Went out to Johsnons Beach this morning at about 9. The wind was more from the East than I had hoped which made the surf pretty rough. It was mainly just choppy waves and a strong current. About 20 minutes in I caught a medium size whiting. I had a few more bites but didnt land anything for a little while. I was sitting in my chair when I saw one of my rods start to come tight so I started moving that way. All of a sudden it doubled over and the rod came out of the sand spike. I almost was able to grab my rod then but it fell in the water, I chased after it but was not able to grab it before it got pulled away. There goes a reliable Penn fierce 5000 and Daiwa coastal series rod. I hate to see it go because its served me well but that means i will get to buy another. I assume that it was a large ray by the way that it hit, there was no head shakes just a solid strong pull. My drag was to tight from having to reel in the weights in the rough current. However i was able to pull in 2 fat pompano, 12 and 15 inches. The bigger one had some really big shoulders and was right at 3 pounds. I also kept 3 of the biggest whiting I have ever caught. The biggest one was right at 2 pounds. I threw back many average sized whiting. All fish were caught on fresh dead shrimp because my sand flea rake is broke for the time being. If my setup does happen to wash up please contact me, that was one of my most reliable setups. Woulda been a great day if it wasnt for losing the rod. Get out there and go catchem because theyre biting pretty good right now.


----------



## ChileRelleno (Jul 7, 2012)

Nice mess of fish for dinner, fine eating.

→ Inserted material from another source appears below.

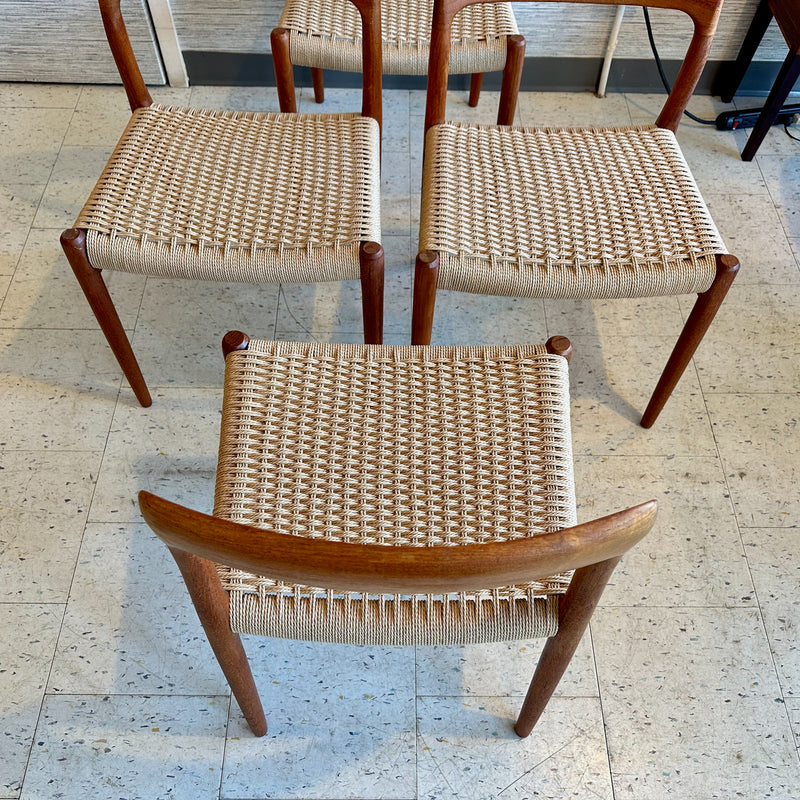 Niels Moller Model 75 Dining Chairs With New Danish Cord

That sucks, but ya learned from it... Right?


----------



## Scouticus (Jul 23, 2015)

I remembered my rubber mallet today. Didn't need it for my one pompano but I finally remembered it and felt a lot more confident with the spikes driven in an extra 6 inches. Spent 2 hours cleaning my reel after a similar episode last week but I grabbed it just in time. I guess it happens to everyone at some point. Nice dinner at least and we'll keep our eyes peeled for your gear!


----------



## GROUPERKING (Sep 28, 2011)

Nice fish ! Thanks for the report. I've been working way too many hours lately and haven't had a chance to go. I've been waiting patiently for someone to post up a pomp report.


----------



## Scouticus (Jul 23, 2015)

Lots of pompano off chicken bone, did not catch anything else for once! no cats, no skate, just dinner! Top water blow ups all over in the first cut too.


----------



## fishin for pompanos (May 10, 2012)

Those are beautiful fish there SHAKE N' BAKE. Great report.


----------



## Ocean Master (May 20, 2008)

Stop my sometime and I'll give you a Fierce 5000 to replace the one the fishes are playing with..!!

Keith

I'm serious..!! Its been fully serviced and has new Carbontex drags, handle, and whatever was needed to make it like new. It is full of red Power Pro 50lb. never used. Come and get it..!!


----------



## kayakfisher33 (Feb 7, 2012)

If you suck into the sand spike you can get it as far down as you want. It may sound funny but it works great. Just need some wet sand


----------



## Drum Bum (Oct 1, 2014)

kayakfisher33 said:


> If you suck into the sand spike you can get it as far down as you want. It may sound funny but it works great. Just need some wet sand


Do you mind maybe posting up a video tutorial for us rookies? I'd like to learn how to do that, I've had too many rods getting pulled up :thumbup: :thumbup:


----------



## Snagged Line (Sep 30, 2007)

kayakfisher33 said:


> If you suck into the sand spike you can get it as far down as you want. It may sound funny but it works great. Just need some wet sand



Not sure if I would have worded it quite that way but, I usually put my palm across the top of the PVC and quickly pull it out of the ground a few times to remove a couple of plugs of sand before driving it home with a mallet...... It also helps to have the pvc rod Holder cut at a very sharp angle rather than the blunt angle most of them seem to be… I cut mine with a hacksaw, as close to parallel as I can to get a sharp point....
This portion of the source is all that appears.